Your copy should begin with the line containing "10 st Bärbar", end with the line containing "Man eating at healthy food table", match the listing below exactly, and contain no pictures.

__Raw data__:
----------------------------------------

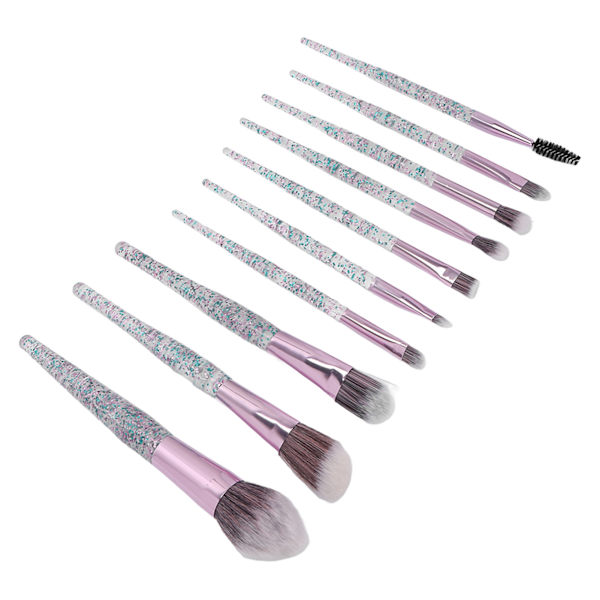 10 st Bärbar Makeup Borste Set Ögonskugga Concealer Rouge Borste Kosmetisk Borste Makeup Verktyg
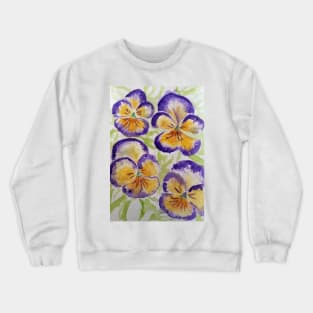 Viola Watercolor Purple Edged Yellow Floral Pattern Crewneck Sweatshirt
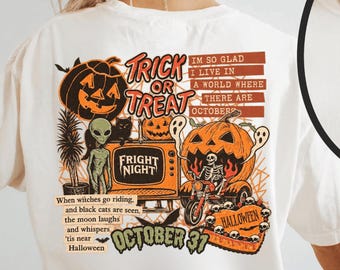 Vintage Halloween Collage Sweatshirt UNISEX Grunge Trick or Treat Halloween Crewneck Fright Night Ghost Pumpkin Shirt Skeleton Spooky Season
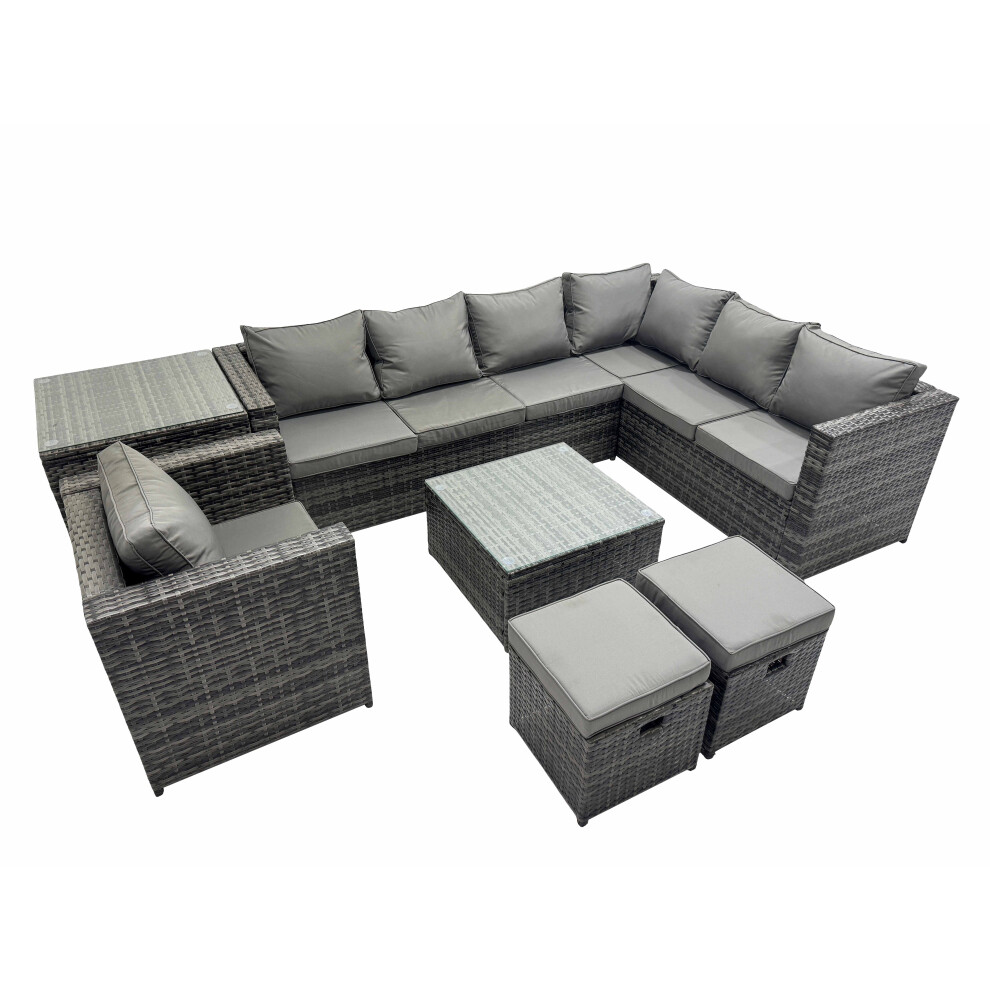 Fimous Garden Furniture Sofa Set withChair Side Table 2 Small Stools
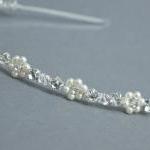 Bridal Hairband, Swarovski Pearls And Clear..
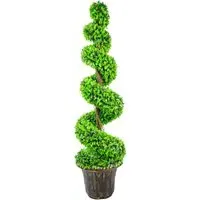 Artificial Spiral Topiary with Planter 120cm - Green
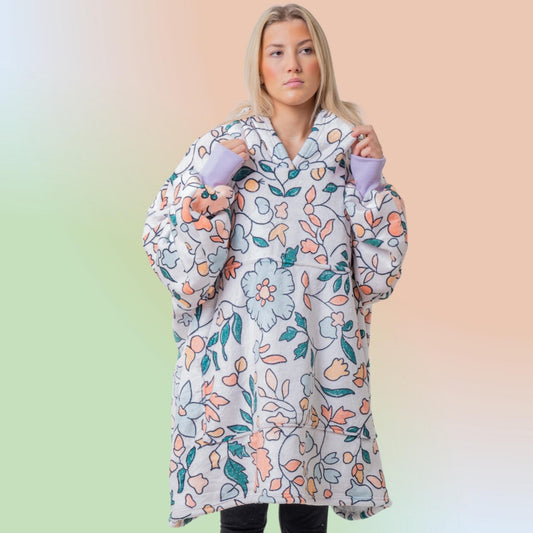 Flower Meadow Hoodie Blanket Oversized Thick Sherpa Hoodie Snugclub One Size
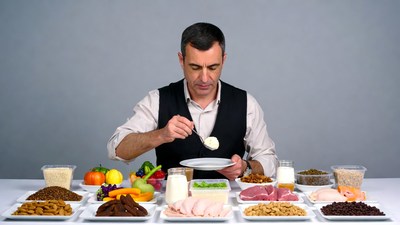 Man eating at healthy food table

----------------------------------------

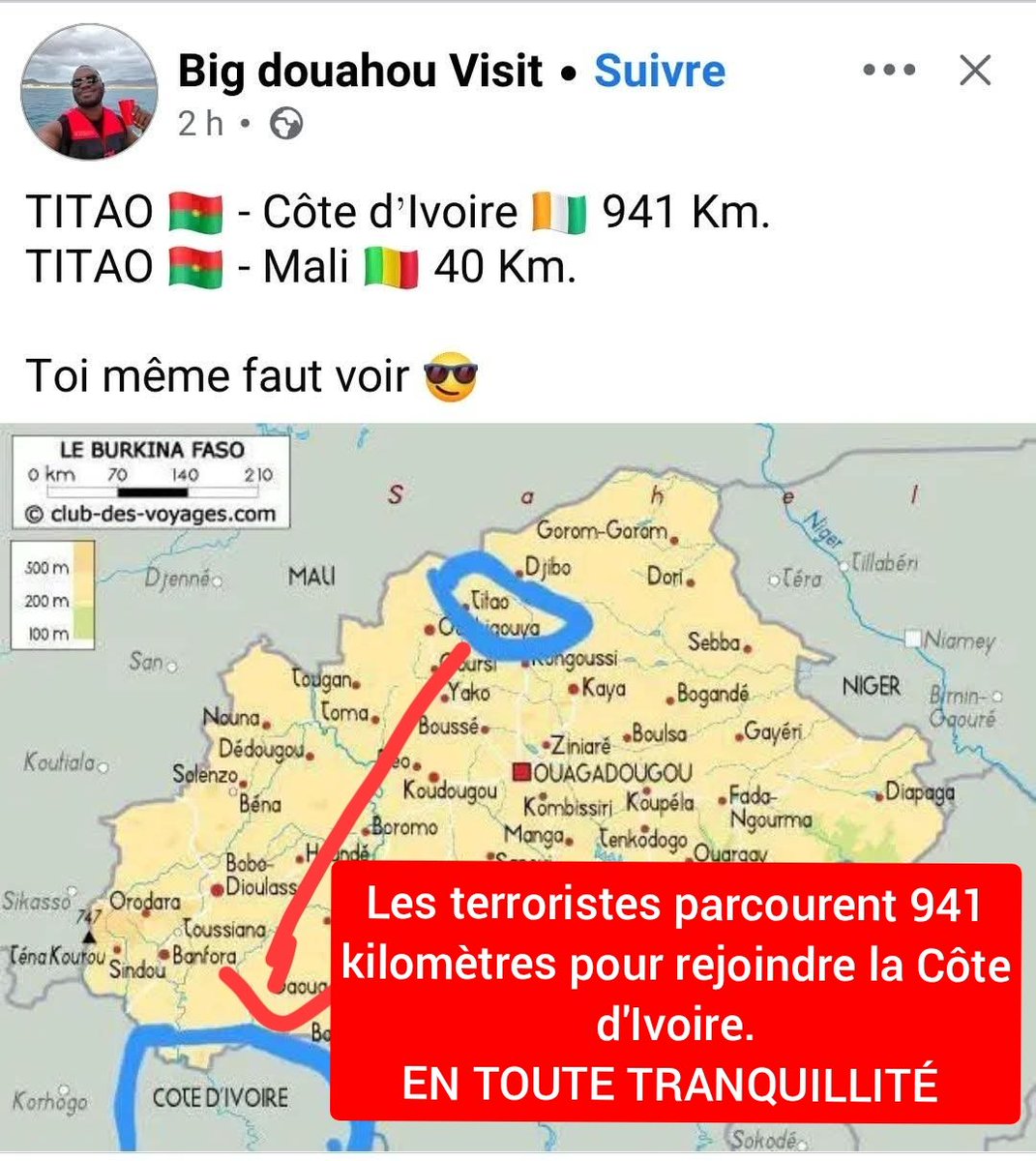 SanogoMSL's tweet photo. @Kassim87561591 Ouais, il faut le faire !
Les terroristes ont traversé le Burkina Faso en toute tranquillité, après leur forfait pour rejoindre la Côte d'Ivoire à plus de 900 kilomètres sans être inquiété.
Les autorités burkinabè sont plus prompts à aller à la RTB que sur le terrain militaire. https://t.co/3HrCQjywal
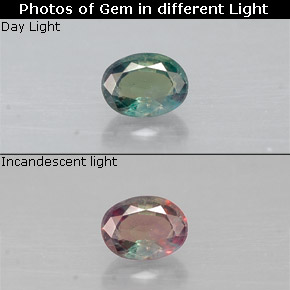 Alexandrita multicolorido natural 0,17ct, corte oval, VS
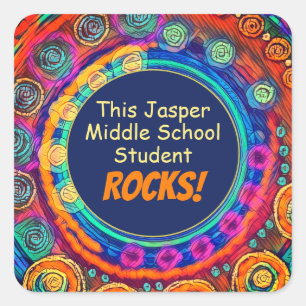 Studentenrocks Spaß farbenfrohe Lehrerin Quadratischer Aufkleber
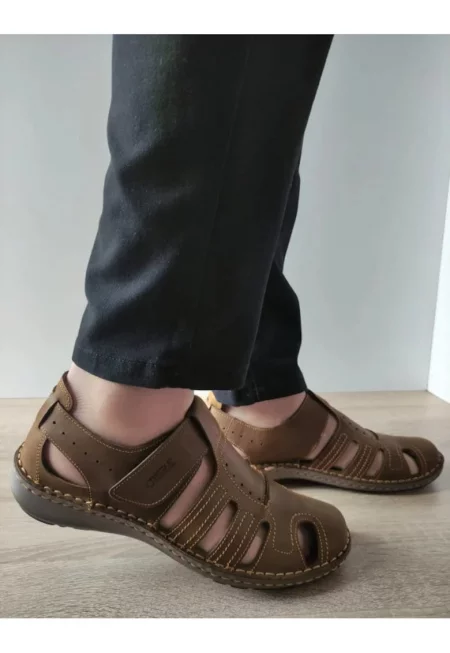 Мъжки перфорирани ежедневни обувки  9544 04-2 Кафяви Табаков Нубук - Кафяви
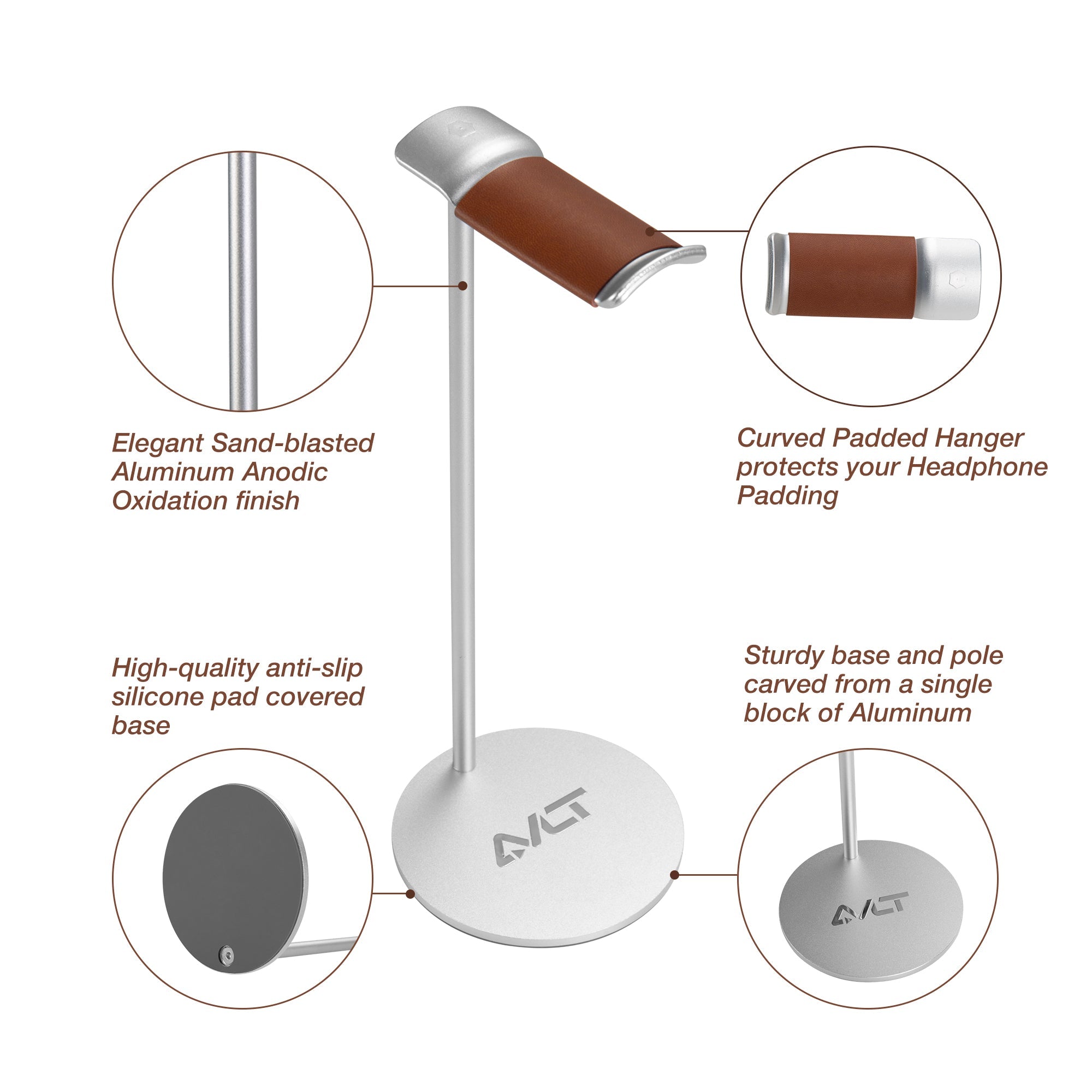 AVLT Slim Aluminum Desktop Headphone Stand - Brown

----------------------------------------

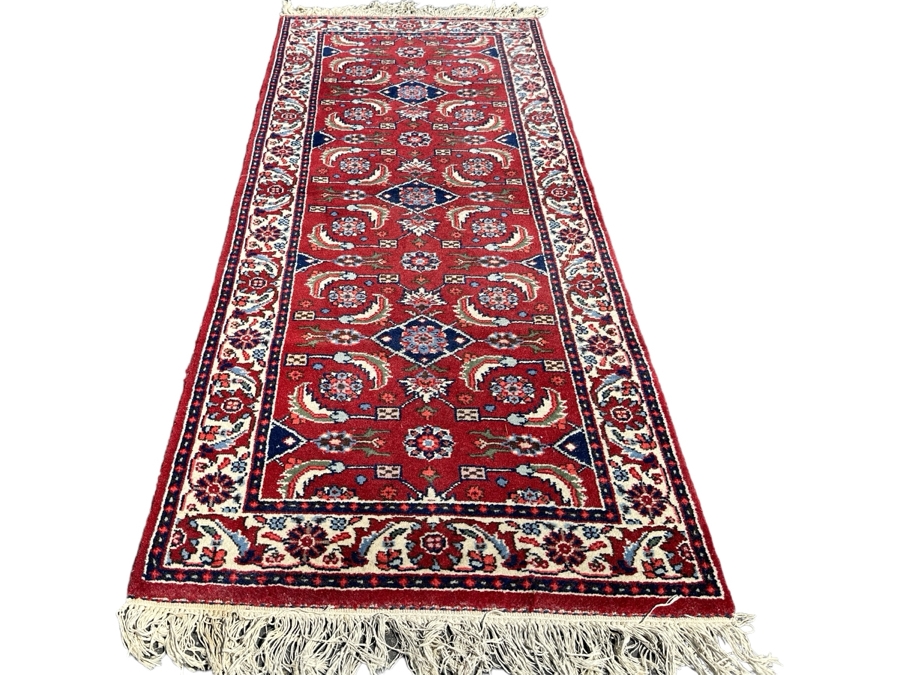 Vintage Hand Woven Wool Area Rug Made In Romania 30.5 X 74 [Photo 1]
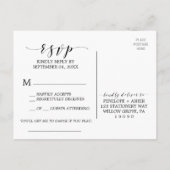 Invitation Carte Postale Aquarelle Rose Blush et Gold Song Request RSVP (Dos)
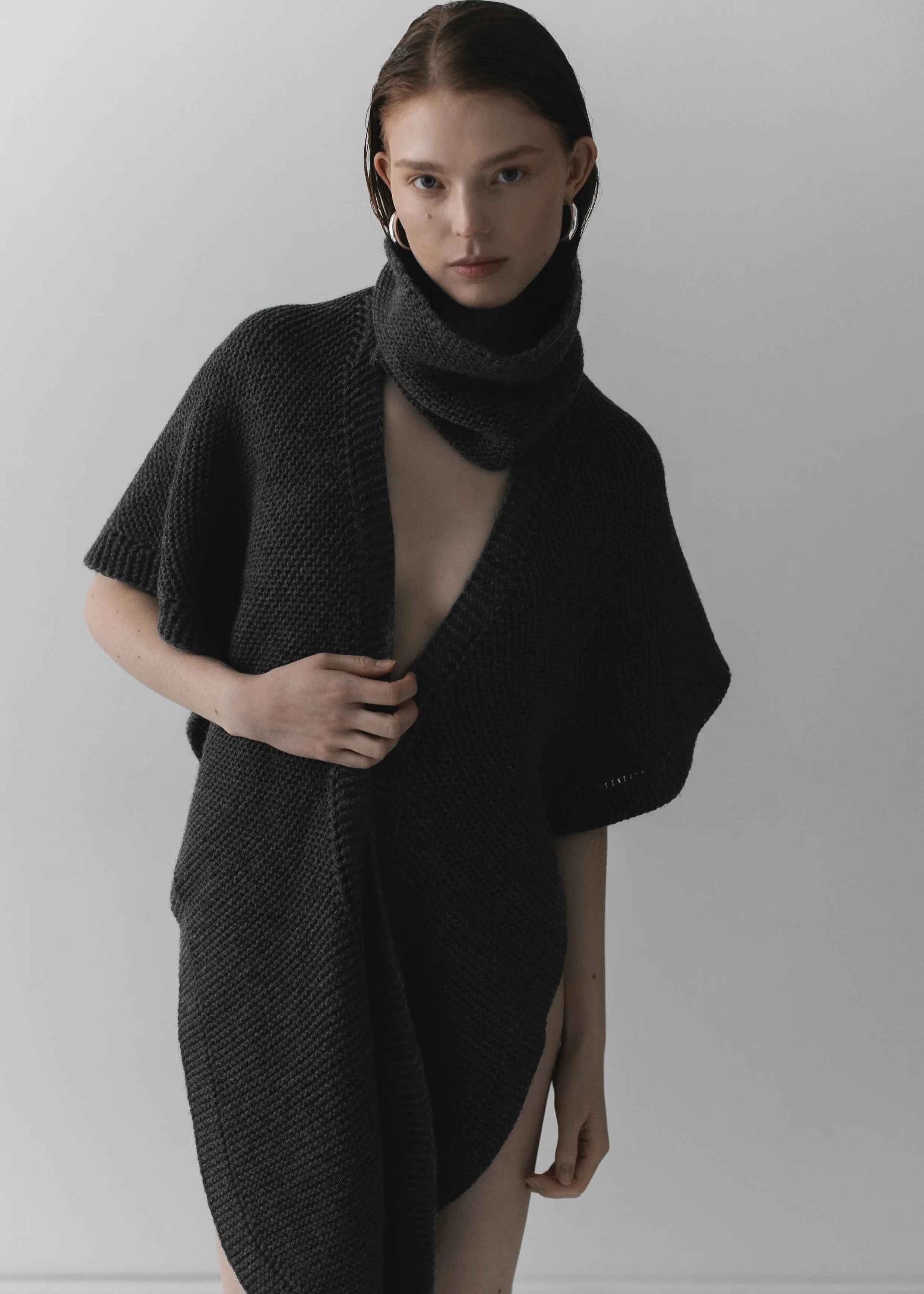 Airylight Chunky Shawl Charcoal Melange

----------------------------------------

__Response__:
 10 st Bärbar Makeup Borste Set Ögonskugga Concealer Rouge Borste Kosmetisk Borste Makeup Verktyg
 Viola Watercolor Purple Edged Yellow Floral Pattern Crewneck Sweatshirt
 Vintage Halloween Collage Sweatshirt UNISEX Grunge Trick or Treat Halloween Crewneck Fright Night Ghost Pumpkin Shirt Skeleton Spooky Season
 Fimous Garden Furniture Sofa Set withChair Side Table 2 Small Stools
 Bridal Hairband, Swarovski Pearls And Clear..
 Artificial Spiral Topiary with Planter 120cm - Green
 Flower Meadow Hoodie Blanket Oversized Thick Sherpa Hoodie Snugclub One Size
 Man eating at healthy food table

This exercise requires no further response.